How to calculate sample addition. Standard Addition Method
IN one standard solution method measure the value of the analytical signal (y st) for a solution with a known concentration of the substance (C st). Then the magnitude of the analytical signal (y x) is measured for a solution with an unknown concentration of the substance (C x).
This calculation method can be used if the dependence of the analytical signal on concentration is described by a linear equation without a free term. The concentration of the substance in the standard solution must be such that the values of the analytical signals obtained when using the standard solution and a solution with an unknown concentration of the substance are as close as possible to each other.
IN method of two standard solutions measure the values of analytical signals for standard solutions with two different concentrations of a substance, one of which (C 1) is less than the expected unknown concentration (C x), and the second (C 2) is greater.
or 
The method of two standard solutions is used if the dependence of the analytical signal on concentration is described by a linear equation that does not pass through the origin.
Example 10.2.To determine the unknown concentration of a substance, two standard solutions were used: the concentration of the substance in the first of them is 0.50 mg/l, and in the second - 1.50 mg/l.
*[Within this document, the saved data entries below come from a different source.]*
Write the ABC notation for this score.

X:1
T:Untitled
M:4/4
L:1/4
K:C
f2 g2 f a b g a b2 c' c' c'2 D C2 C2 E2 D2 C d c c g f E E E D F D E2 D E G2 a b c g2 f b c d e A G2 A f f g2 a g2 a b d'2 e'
The optical densities of these solutions were 0.200 and 0.400, respectively. What is the concentration of the substance in a solution whose optical density is 0.280?
Additive Method
The additive method is usually used in the analysis of complex matrices, when the matrix components affect the magnitude of the analytical signal and it is impossible to accurately copy the matrix composition of the sample. This method can only be used if the calibration graph is linear and passes through the origin.
When using calculation method of additives First, the magnitude of the analytical signal is measured for a sample with an unknown concentration of the substance (y x). Then a certain exact amount of the analyte is added to this sample and the value of the analytical signal (y ext) is measured again.
If it is necessary to take into account dilution of the solution
Example 10.3. The initial solution with an unknown concentration of the substance had an optical density of 0.200. After 5.0 ml of a solution with a concentration of the same substance of 2.0 mg/l was added to 10.0 ml of this solution, the optical density of the solution became equal to 0.400. Determine the concentration of the substance in the original solution.
= 0.50 mg/l
Rice. 10.2. Graphical method of additives
IN graphical method of additives take several portions (aliquots) of the analyzed sample, add no additive to one of them, and add various exact amounts of the component being determined to the rest. For each aliquot, the magnitude of the analytical signal is measured. Then a linear dependence of the magnitude of the received signal on the concentration of the additive is obtained and extrapolated until it intersects with the x-axis (Fig. 10.2). The segment cut off by this straight line on the abscissa axis will be equal to the unknown concentration of the substance being determined.Method for comparing the optical densities of standard and test stains
solutions
To determine the concentration of a substance, take part of the test solution, prepare a colored solution from it for photometry, and measure its optical density. Then two or three standard colored solutions of the analyte of known concentration are prepared in the same way and their optical densities are measured at the same layer thickness (in the same cuvettes).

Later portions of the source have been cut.